Addams Family Values (1993)


Good sequels are rare these days. A good sequel should take what was good in the first movie and attempt to improve or expand on it. This sequel to The Addams Family does that really well. The most entertaining part of the original was when the Addams family had to interact with the outside world. Sure, they were fun in their own kooky environment, but there is real comedic value to be had when this strange family has to venture out into the real world. The fact they’re completely oblivious to how the outside world sees them makes it even funnier.

The sequel also gives more screen time to one of the under utilised characters in the original. Wednesday Addams is brilliant with her brother Pugsley and the antics they get up too. Firstly, they’re dealing with a new sibling and the jealousy that comes with it. Then they are sent to a sunny summer camp because they’re getting in the way of Joan Cusack’s attempts to swindle Uncle Fester and the Addams fortune. Seeing Christina Ricci deal with her fellow campers and eventually experience her first love is one of the highlights of the film. The kids deal with problems all adolescents face (young love, bullying and sibling rivalry) and it’s really interesting to see their dark Addams family solutions to these problems.

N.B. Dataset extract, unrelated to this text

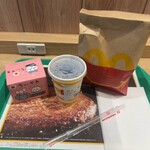 マクドナルド - ドリンク写真:
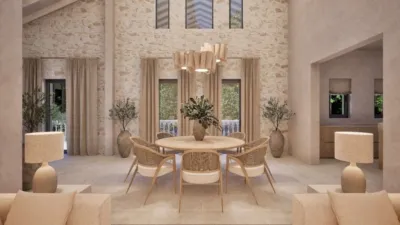 Chalet in Marina Manresa-Mal Pas-Bonaire photo 33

The bigger budget is used well for this sequel as it’s clear the production values, makeup and special effects have improved. Joan Cusack’s is a great addition to the cast as a psychotic nanny who tries to woo Fester, before turning him against his family. This is possibly a better movie than the original, I really enjoyed it. There were plans for a third installment, but they were scrapped after Raul Julia’s unfortunate passing in 1994. This was the right call, I really can’t imagine anybody else playing Gomez.

Rating: B+

Sequels* are a weird type of movie. They are familiar, and yet, something is slightly off. The production value is always better (assuming we’re talking about theatrical releases and not straight to DVD garbage), and as a result the sequel can sometimes feel like a different movie than the original. Everything is bigger, glossier, more over the top. Often the writers have changed. A new director is brought in. Changes are made to appeal to a broader audience. It can still be good, but sequels just feel different.

Addams Family Values is not that kind of sequel. Everything that worked so well in the original is replicated to great effect here. I’m sure more money was spent on things like the sets and costumes, but you can’t tell. And I mean that in a good way. This really does look and feel like a direct continuation of The Addams Family.

In fact, I’m hard pressed to pick a favorite at this point. There are hilarious jokes and visual gags in both, and I found myself laughing just as hard through each film. The jokes are maybe a bit more macabre this time around, but most are offset by adorable baby Pubert, so who would mind?

And can we please discuss the brilliance of Wednesday and Pugsley sabotaging their summer camp Thanksgiving musical? The satire is perfectly crafted, and sadly still relevant to how many Americans view the holiday today. We too should all burn ThanksgivingĀ misconceptions to the ground, because there are so many, and they are doing the holiday a great disservice. We too should celebrate what makes us unique, instead of forcing our own values on others. It’s OK to be a peppy camp counselor, but it’s just as OK to be a nerd who collects murderer trading cards. Embrace the kooky, people!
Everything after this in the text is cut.